Compõe-se o “Anima Christi” de doze súplicas que podemos dividir em duas partes bem distintas. Nas sete primeiras, o fiel cristão considera o Corpo e Alma de Nosso Senhor Jesus Cristo, aproxima-se dEle tão e tão de perto, que se tem a impressão de sentir o próprio calor do Corpo Divino, de tocar real e verdadeiramente nossos lábios penitentes, nas dulcíssimas chagas do Redentor. Quando imagino São Francisco de Assis, na famosa visão em que o Crucificado o abraçou, imagino-o balbuciando em êxtase, uma a uma, as sete primeiras súplicas do Anima Christi, e não se fartando de as repetir durante todo o tempo que durou a glória e a doçura do divino amplexo. Na segunda parte da prece, a alma já não está de pé, abraçada ao Redentor.

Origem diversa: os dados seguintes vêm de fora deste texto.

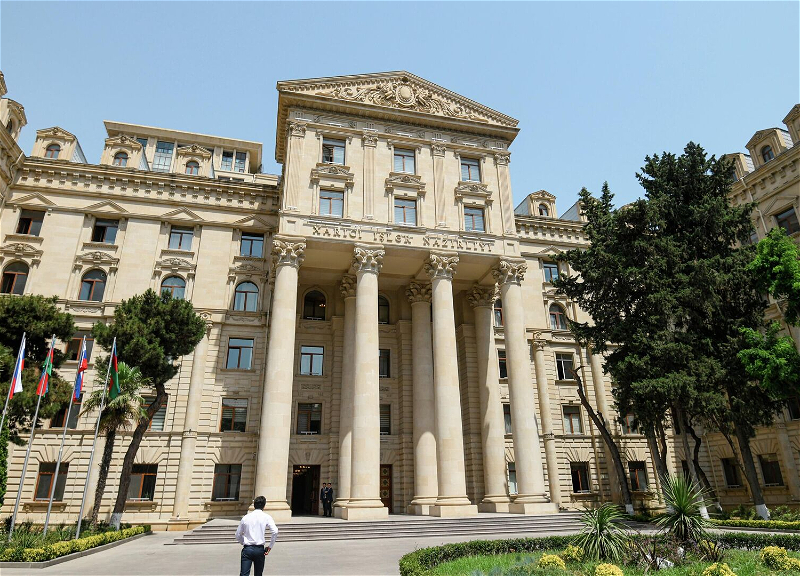 МИД Азербайджана призывает мировое сообщество не закрывать глаза на нарушение Арменией международных обязательств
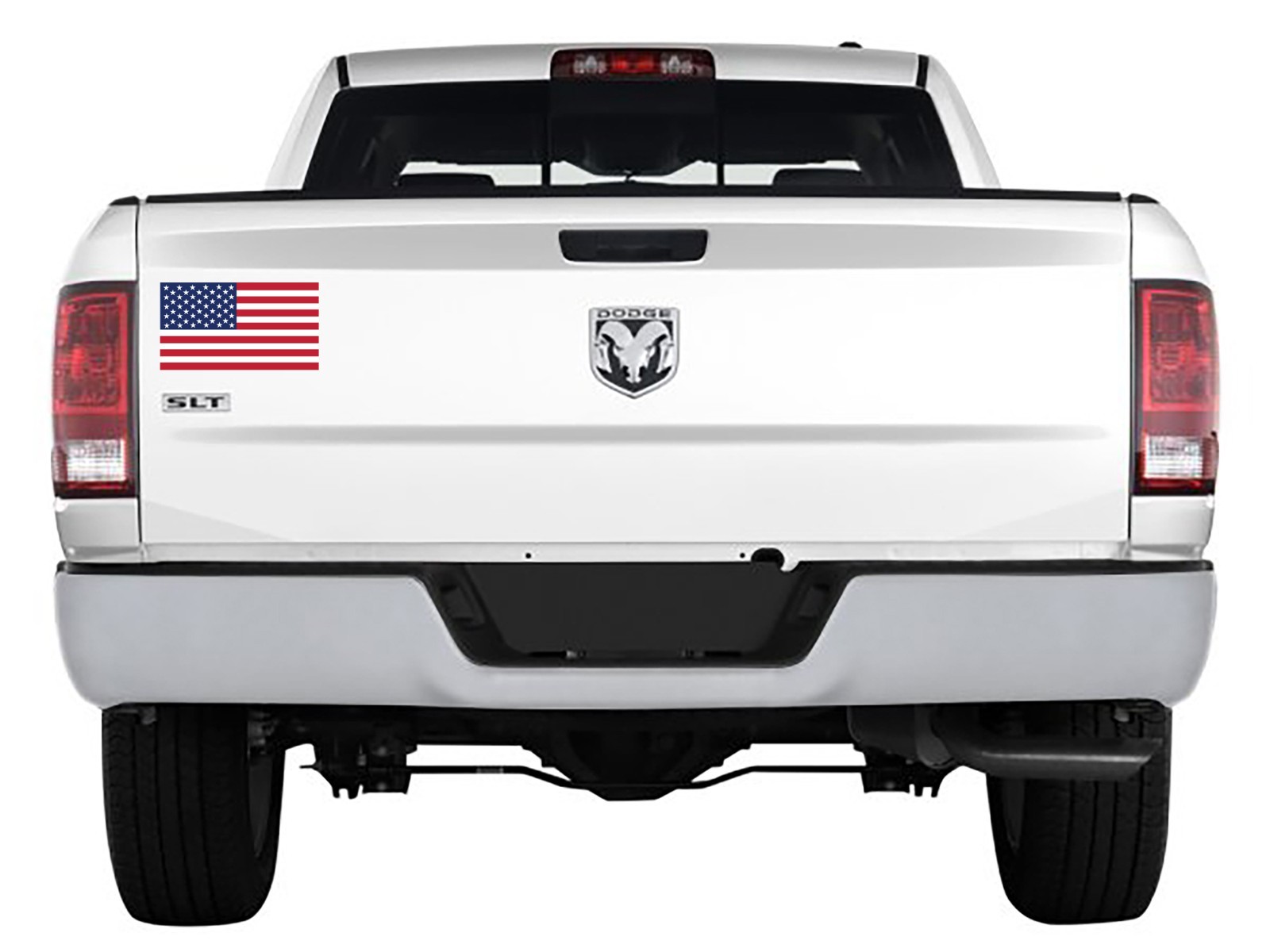 American Flag USA Sticker Vinyl Decal Multiple Sizes window door helmet wall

Cessou o êxtase, e o fiel está ao pé da Cruz, exprimindo seus últimos e mais ardentes anelos numa humildade divina, como Maria, depois de se ter apartado a angélica visitação.

Ora, é muito de se notar que, o programa de nosso novo Arcebispo se compõe precisamente de sete “itens”, como são sete as súplicas mais ardentes e mais íntimas do “Anima Christi”. E, entre cada item e cada súplica, pode-se facilmente estabelecer uma esplêndida analogia.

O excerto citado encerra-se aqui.